I just love the dawn, no matter what time of year it is, it offers much promise for the ensuing day, it doesn't always turn out to be good but for that brief period in time, hope is always there. This photo looks eastwards along the reserve sea wall and in the distance you can just make out the buildings inside Shellness Hamlet.


Everything about that time of day is so great, birds become active again after a long night, they become vocal and the marsh echos to their calls, the sun gradually creeps higher until it peeps over the distant hills, the last dark corners brighten up and all of a sudden a new day is fully lit. The Greylag Geese below could feel it and they moved into the reserve for a wash and brush up after pre-dawn feeding out on the farmland winter corn fields.
Apart from the opportunity to enjoy such a wonderful time of day, I was also there to see if the local wildfowlers were out and about on the saltings, they've been so quiet this season, but despite the lure of the Greylag and White-fronted Geese there was nobody about, except a lone and early birdwatcher who appeared along the sea wall as the light began to brighten.

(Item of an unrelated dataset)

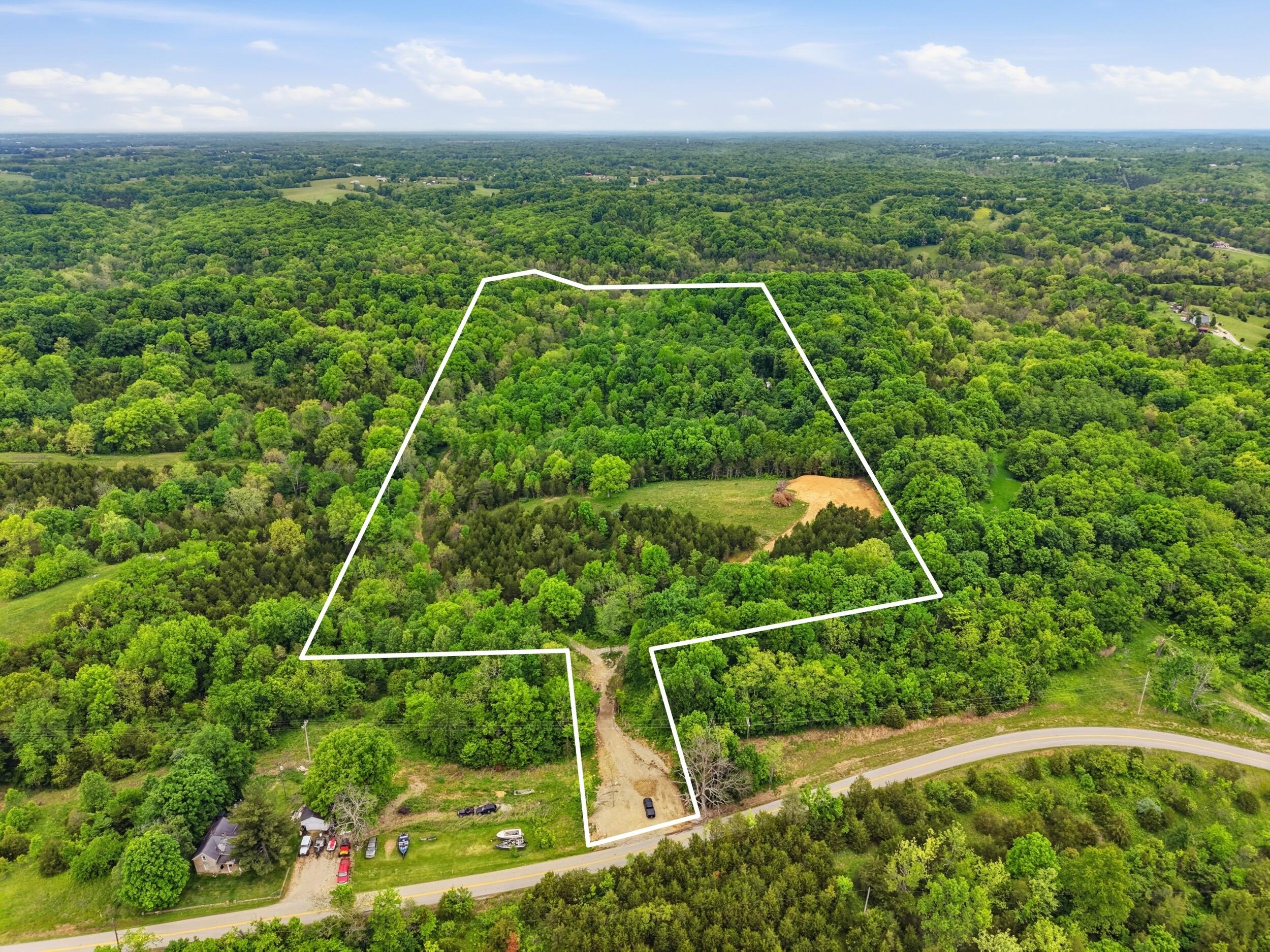 10118 Benson Pike Property Photo 6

Driving home after my visit, I came across this young fox by "Capel Corner" along the Harty Road. It was drinking from a roadside puddle and as far as I could see it was fit and healthy, but it made no attempt to run off as my car approached. I drove past a few yards and stopped in the road, wondering if I might get a photo or two. By the time that I got out of the car the fox was sitting in the middle of the road, about ten yards away and seemingly taking in the view, not the way that nervous and truly wild foxes act.  


 I took a couple of photos and then to my amazement and despite the rabid barking of my two terriers who were looking at the "enemy" through the rear window of the car, the fox began to walk towards me. It got to within five yards and then eventually the barking of the dogs deterred it from getting any closer but I'm sure that without them there that I could of possibly almost stroked it.

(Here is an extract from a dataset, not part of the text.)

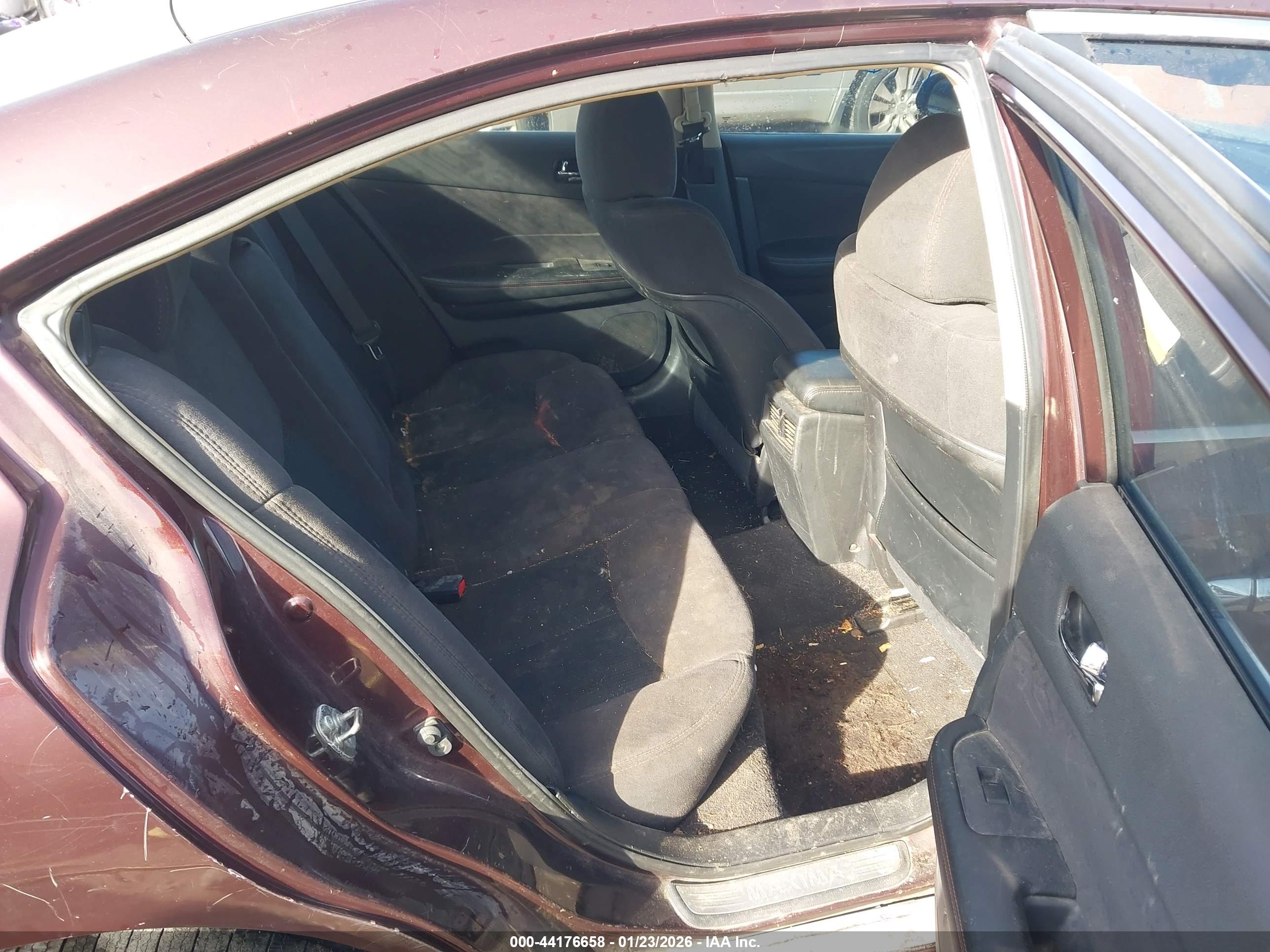 NISSAN MAXIMA image 8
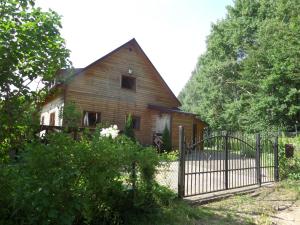 Drewniany domek w Otominie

Clearly this fox was not acting like any fox that I had come across on the Sheppey marshes, most get one glimpse of you and turn and run for their lives, this one was almost tame. It wasn't there when I went past earlier that morning, I came to suspect that some "do-gooder" had released it, hoping that it would have a happy life after being returned to the countryside, but it doesn't work like that. Elmley NNR has suffered for years from foxes, captured in cities such as London and being illegally released along the track out there.  They can be as unsure and scared of the wild countryside as some humans are and their trusting nature simply makes them vulnerable to being shot, the one above will surely suffer that fate in the near future.
Now I have mixed feelings in respect of foxes, having watched them almost wipe out a breeding colony of Avocets on the reserve, I fully accept and agree with then being controlled in the countryside where vulnerable species become threatened by their increased predation, but after yesterday the "but" gets much bigger. Looking at that young fox sitting on the road looking bewildered, it was almost like looking at one of my dogs and I know I could never be the one that pulled the trigger on it.    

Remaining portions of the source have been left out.